Editor’s Note: This is the first post in a four-part series about the impact of driverless cars on design and planning. On Tuesday, Donald Bellefeuille wrote about the health opportunities afforded by autonomous vehicles; on Wednesday, architects and planners from NBBJ shared some surprising impacts on a wide variety of topics. On Thursday, Alex Krieger looked at the potential downside of increased congestion.
I recently attended one of three “community dialogues” convened by BMW Group in Boston. (Madrid and Tokyo are on the list as well.) As a manufacturer of premium performance automobiles, one can imagine that BMW is keen to understand the future of engine technology and autonomous transportation, and now it seems they are especially interested in cities.
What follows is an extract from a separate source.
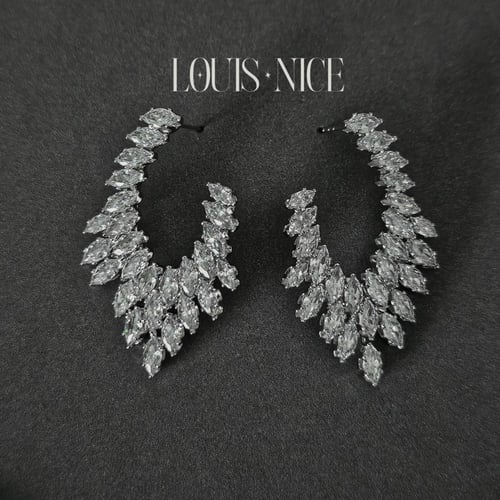 طقم زركون فضي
BMW markets to strivers of all stripes: successful entrepreneurs, business people and those who wish to make a statement about their success. Unfortunately, this market niche is increasingly giving up cars altogether as they move into expensive and dense urban centers that feature mature public transit systems, ubiquitous Uber access and car-sharing opportunities. Why buy a car (much less a BMW) when your status is linked more directly to your cell phone or your international travel itinerary? This is BMW’s biggest fear.
So how can BMW continue to sell cars to its core market? Here’s what they are working on:
Electric Cars: One way to beat the rap on automobiles is to make them greener. Whether in car share or private ownership, electric cars (EVs) already are privileged with access to fast lanes, convenient charging stations and premier parking spots on streets and in garages. BMW is entering this market with the i8 and i3, two EVs with luxury appointments and, in the latter’s case, a compact urban size. As Tesla further shakes up the auto world, BMW needs to compete for the EV niche to stay relevant for urban mobility.
Car Sharing: Increasing numbers of urbanites are ditching car ownership to let someone else worry about the maintenance headaches. If you only use a car a couple of times a week you can outsource parking, fueling and insurance with car sharing. BMW sees a future market in car sharing, and they have started their own proprietary programs in nine European cities and are launching one (ReachNow) in Seattle this year.
Autonomous Vehicles: Google is making news with its fully autonomous vehicles, but BMW is taking a much more incremental approach to driver assistance. From automatic parallel-parking functions to truly autonomous handling on the Autobahn, BMW is increasingly adding functions that augment human controls to make driving safer and more relaxing. This approach requires fewer regulatory hurdles or risks than fully autonomous vehicles and adds value to existing lines of conventional cars.
Currently in the US, there is more than one car for every man woman and child. But change is coming. Urban dwellers are far less likely to own a car, even if they are occasional or even frequent users of cars. For car manufacturers, exposure to this shrinking market means featuring their vehicles in free-roving, urban car-sharing programs, or offering complementary cars to hotel guests for urban explorations. Car ownership will not be the norm, even if car use will still be ubiquitous.
Further out into the future, free-roving car-share will take on a new meaning: driverless cars will deliver you to your destination and then drive off by themselves to another errand. The distinctions between your car, a taxi or car-share will become meaningless as vehicles take on a utilitarian, almost public, function similar to airplanes, trains or buses. Yes, we will value them for their features, comfort and even level of luxury, but we may no longer covet them as personal possessions. For luxury automakers, this is a challenge to stay relevant in a more fluid marketplace.